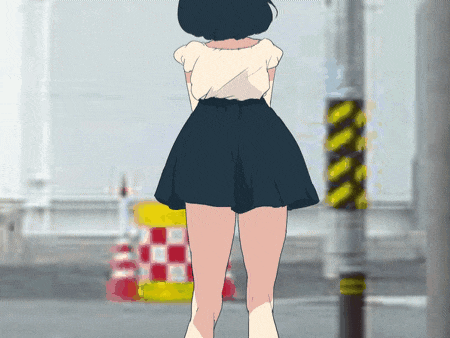 ♥️ラッキースケベなエロ微エロ画像・GIFまとめ
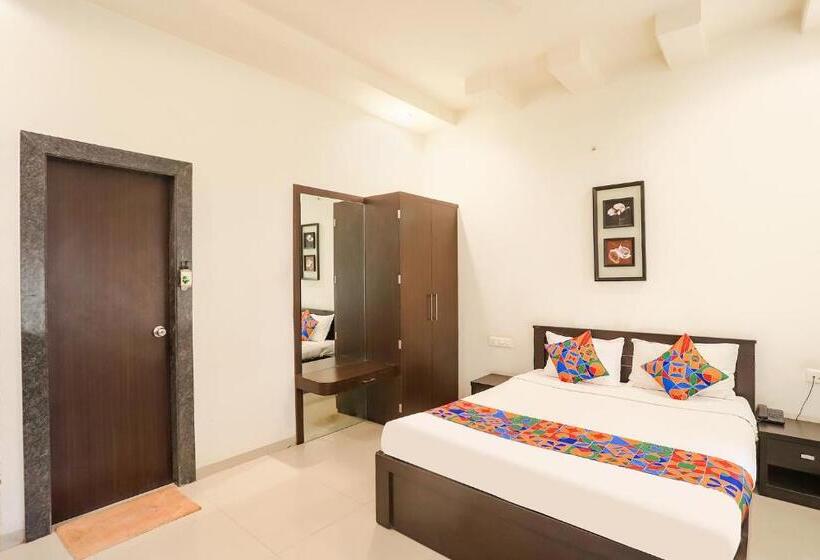 ユースホステル Fabhotel Archanil Apartment   Sitanagar Cricket Ground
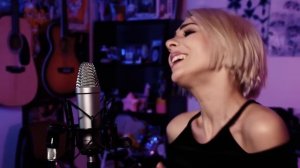 (2К)Roxette/Listen To Your_Heart (ROCK cover by Ai Mori)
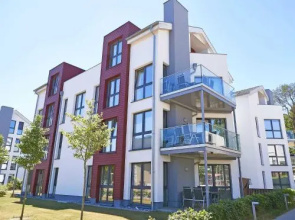Baabe Strandvilla - Luxus Ferienwohnung mit Meerblick (Ref. 158481)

- Assignment
What this calls for is the material above set down exactly, pictures excluded.

- Completed task
 ♥️ラッキースケベなエロ微エロ画像・GIFまとめ
 ユースホステル Fabhotel Archanil Apartment   Sitanagar Cricket Ground
 (2К)Roxette/Listen To Your_Heart (ROCK cover by Ai Mori)
Baabe Strandvilla - Luxus Ferienwohnung mit Meerblick (Ref. 158481)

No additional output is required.